The clothes convey the personality of the person who wore them, their own story.
A participatory fashion that lives and feeds on experiences, that develops a response to intimate and personal needs, a fashion made to measure, a word that is inclusive because it adapts, to a body, to a role, to a moment, to a place.
We want a fashion that does not imply overproduction but is grounded in eco-design, in upcycling, in conveying skills, through emotions told by poetic images that inspire one to look with other eyes.
Materials and stories overlap creating a path that starts from the hands of the craftsman, the artist. From the heart and mind, we weave the value of memory, roots, and knowledge through every stitch, every texture, and every thread.
In ancient things, one finds an infinity of stories.
The telling and transmission of these stories is a celebration of the past but also a benefit for the future so that they are not lost, remain alive, and we continue to recall these moments through memory.
Memory is our identity.
From the hidden lessons you encounter in the stories of people who have a long journey behind them, and which are illuminated in the hope that these will be passed on
To save memories from oblivion.
So far we have involved people of all ages and social classes. Our idea is to create a collective space that can be of exchange, discussion, a locally active space, and a safe space of deep transformation by first listening to ourselves, others, and the planet.
During the research for our project, we realized that many people who became enthusiastic while participating were older people.
Bringing older people closer to younger people through what their memories can bring.
The excitement that comes from reliving past stories.
Through the telling of personal experiences, we arrive at the transmission and creation of a collective story that serves to overcome the barriers of apparent cultural differences.
Right now we are two partners, one in Italy and one in Spain, and then at the European level, we acted by looking for materials in Spain and Italy.
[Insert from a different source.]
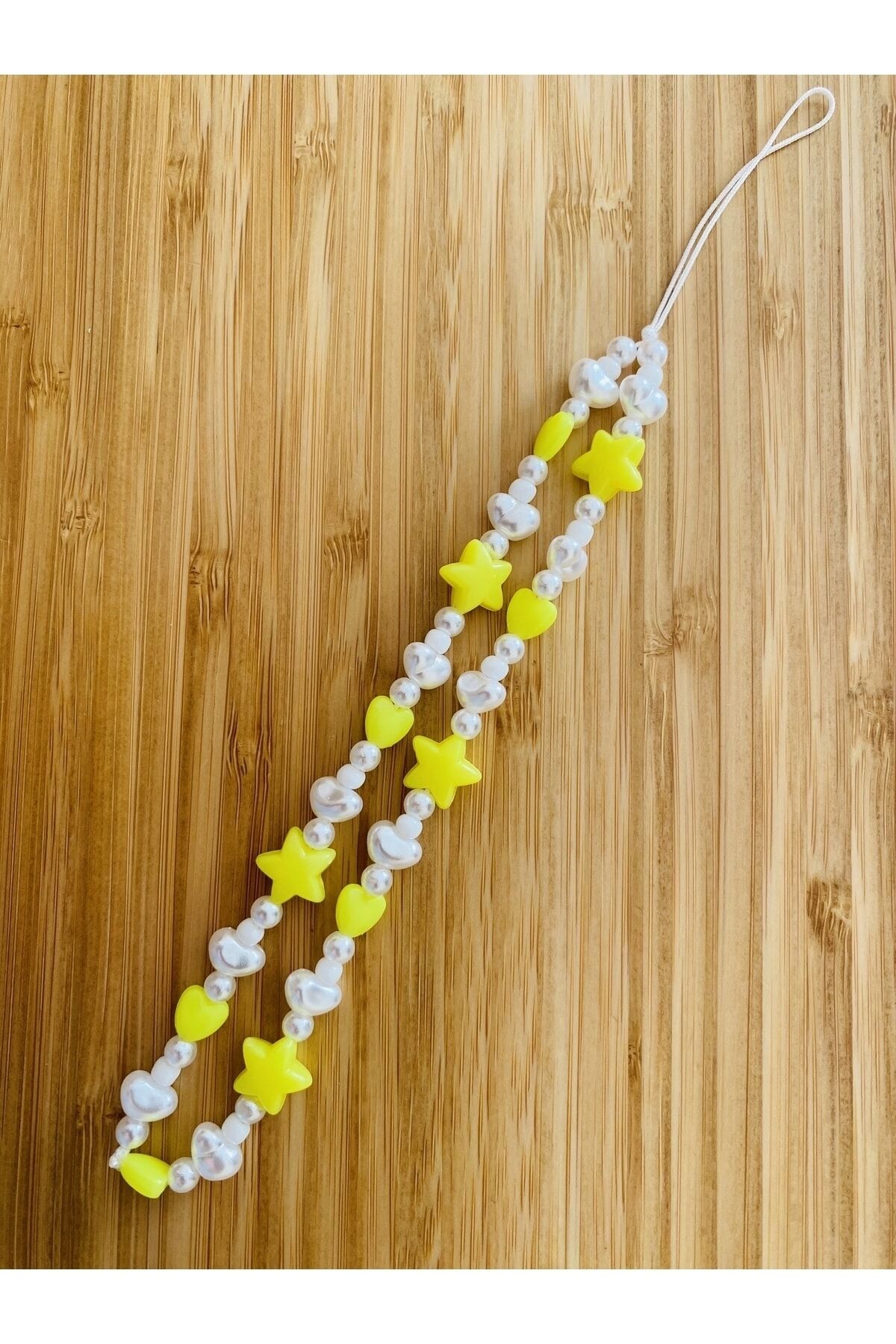 Plastik Kalp, Yıldız Ve Incili Telefon Charm'ı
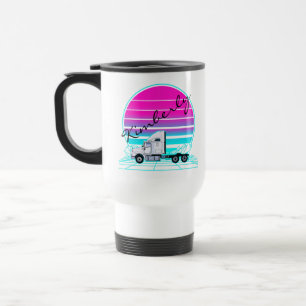 Retro-Sonnenuntergangs-LKW Reisebecher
We involved ordinary people as well as vintage and antique store owners.
Through researching antique textile pieces and collecting stories belonging to the life of the textile piece and the "characters" it had belonged to with photo documentation and various video interviews.
The innovative capacity of our partnership is to be two complementary partners that fuse the hands of sartorial knowledge with the eye of documentary vision and storytelling.
Essential to the functioning of the project is the figure of the user who will be involved in the journey that passes through the re-connection with the past as well as will be involved in the creative process of eventual transformation.
Key figures are also the craftsmen who are the driving force behind the production of quality pieces.
In the search for textiles, unless they are a family heirloom, the suppliers play a very important role because they are passionate about preserving and caring for antique pieces.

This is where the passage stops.